One of the things that the contributors to this blog do, as part of a larger community of writers, is to set goals for the coming week that we broadcast to each other. The things that we need to do, or aspire to do, written there and stated plainly to the others in our writing group. The following week, we not only make new goals, but we account for our progress on the old ones. It’s been a way that we can keep in touch with the goals of others, and act as encouragement for those who need it, or to celebrate in each other’s accomplishments. Sometimes we’ve cheered as someone gets a publication, and sometimes it’s been something as simple as praising someone meeting their quota of words for the week. It’s been a great way to keep in touch with what people are doing, and what people are hoping to achieve.
In another sense, it’s a way to keep each other accountable to our goals, even if the only sanction is a sense of shame at not having lived up to the standard you’ve set for yourself. There have been times where I have cheerfully and earnestly placed a goal – say something modest, like writing a few thousand words – only to fail at it, and then have to face up to writing that accounting the following week.
Sometimes I write my rationalizations – oh, what the hell, excuses. I was busy. I did this instead. I did that instead. Et cetera. Sometimes – the times when I really didn’t have an excuse – I just didn’t say anything. A flat, inflectionless statement of the coming week’s goals, as though last week’s mark had been completely forgotten.
Inevitably that leads to a sense of frustration and failure. Wracking up week after week of missed bars is not a good feeling, and there have been times when I have felt that keen frustration that comes achingly close to just calling the whole thing off, taking a hiatus, not bothering to keep up with the accounting.
This is the wrong way to go about it. If you’re at all like me – someone who has a desire to write, but has a whole lot of life in the way of it – it’s important to keep those goals, and those reckonings. But maybe they have to be shifted. Maybe this won’t be the year that the blockbuster gets written or the screenplay gets done. But maybe, if you can block off some time, hit your small achievable goals, well, that well keep the whole thing from turning into an inescapable morass of shame and failure.
For me, I have my final licensing exam for my medical boards in May. I will not have time to do much writing in these last five months – I just wont. Afterward, we’ll see. In the meantime, what goals can I achieve? How can I do enough to justify to myself that I am a writer, as opposed to some hobbyist with an unused laptop in the corner? Maybe for the next five months it will be blog posts, and small submissions to journals that carry prose and poetry in the medical humanities field. Maybe token goals – a scene a week, or a couple of hundred words. Something that won’t detract from the very real need to study for this exam, but will make me feel as though I’m still actively engaged in this equally important passion. A managed expectation, if realistic and still aimed toward the future, can still be an important one, and one that keeps you on the path forward until you can raise the bar higher once again.

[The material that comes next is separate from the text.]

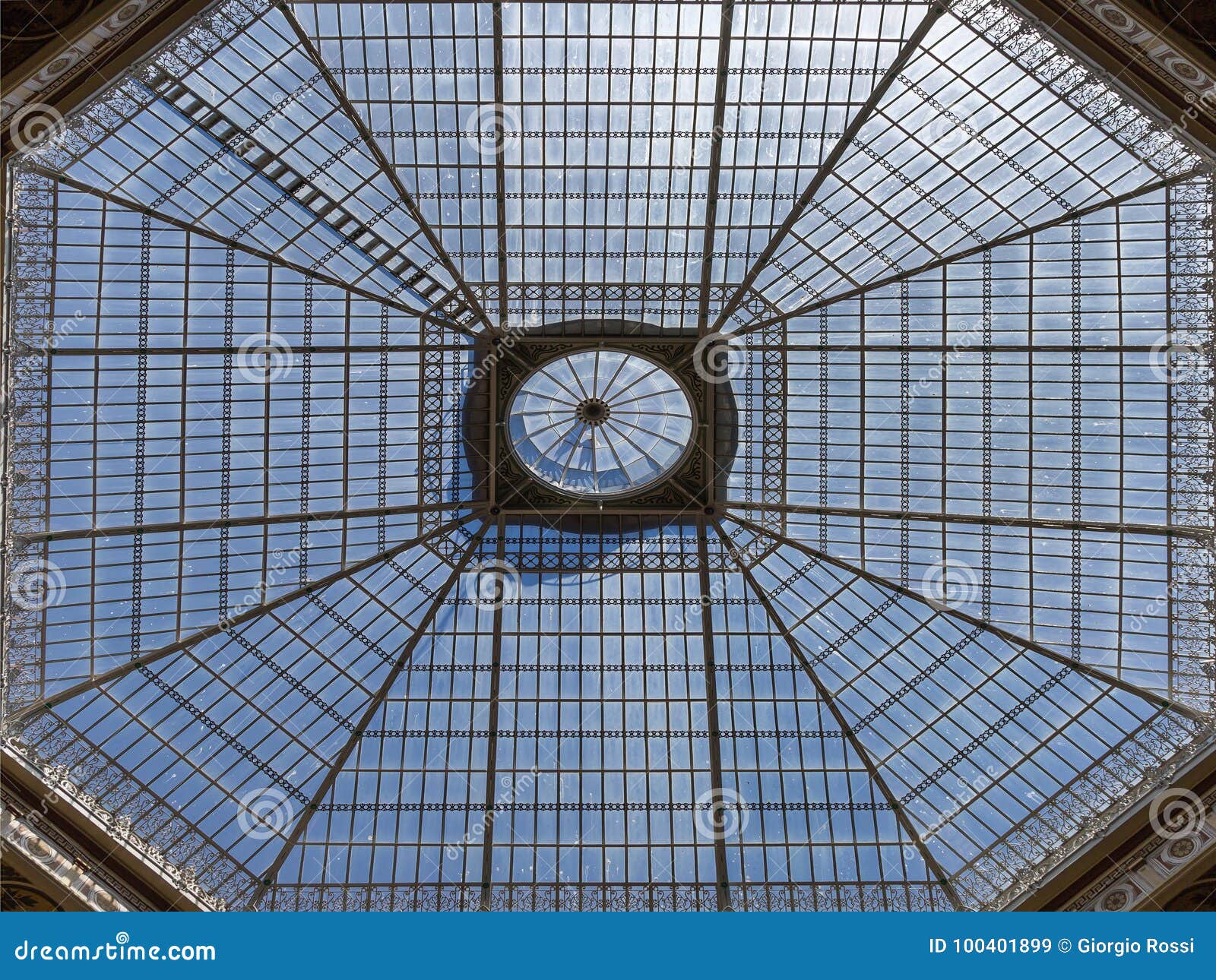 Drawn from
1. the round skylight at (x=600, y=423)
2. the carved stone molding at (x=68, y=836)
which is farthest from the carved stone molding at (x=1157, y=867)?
the carved stone molding at (x=68, y=836)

I too have had “life get in the way” of my novel writing goals over the years. I’ve even said as much. Now that most of my child rearing years are behind me, I am able to focus more on my writing goals. What’s good about the good thing about end of the year reflecting is the ability to look behind and look ahead to discover where we are, where we’d like to go, and how we must redirect our navigation to get from where we are to where we’d like to go. In the process, as you’ve said, we also must be aware of our abilities and shortcomings so that we aren’t beating ourselves up because quite frankly, we are human and we do have limitations. But it this mortality which the gods envy.

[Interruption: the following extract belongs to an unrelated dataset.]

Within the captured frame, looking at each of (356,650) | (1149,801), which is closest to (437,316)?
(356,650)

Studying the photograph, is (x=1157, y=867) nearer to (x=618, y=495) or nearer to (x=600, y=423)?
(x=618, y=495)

Being accountable to a writing group has been a lifesaver for me these last couple of years. In times when the words flowed, there was an incentive to always keep going– and yes, the immodest part of my personality looked forward to being able to have some people to crow to about my weekly accomplishments. In times when the words don’t flow, just like Dylan pointed out, accountability gives us a way to stay in the game.
Without meaning for this to sound sappy, I honestly don’t know where I’d be as a writer if it wasn’t for my accountability group.
Ditto to what Evan said. I hate to admit I didn’t meet my goals. There have been a lot of Sundays where I have pushed on to make up for what I didn’t get done earlier in the week so I can still meet my goals, albeit if late on Sunday night. And when I’m not writing at all – as with these last couple of weeks leading into Christmas – I’m very conscious of the fact that I’m not progressing and that I still need to account for myself at the start of the next week. A supportive writing group is one of the best tools a writer can have.
I’ve thought about this a lot the last couple of weeks as family time has completely overpowered my writing time. I’m still hanging in there, and it’s in large part due to my accountability group. I’m anxious to actually contribute serious goals to our weekly emails again.
I feel your pain. Earlier in the year I got into a great regular writing routine. Not in the last three months, though. Finding ways to push through the times when there just isn’t much time is one of the great challenges of writers who aren’t full-time writers.
Ditto to all of my fellow Fictorians’ comments. I am grateful for this group to keep me on task. As Kylie said, a good support group is a vital tool to our writing success. I hated the weeks where I was falling down on my goals, and it was the encouragement of this group that kept me fighting through my difficulties.
Great post, Dylan! And we’re all rooting for your small writing goals along with the success of your test.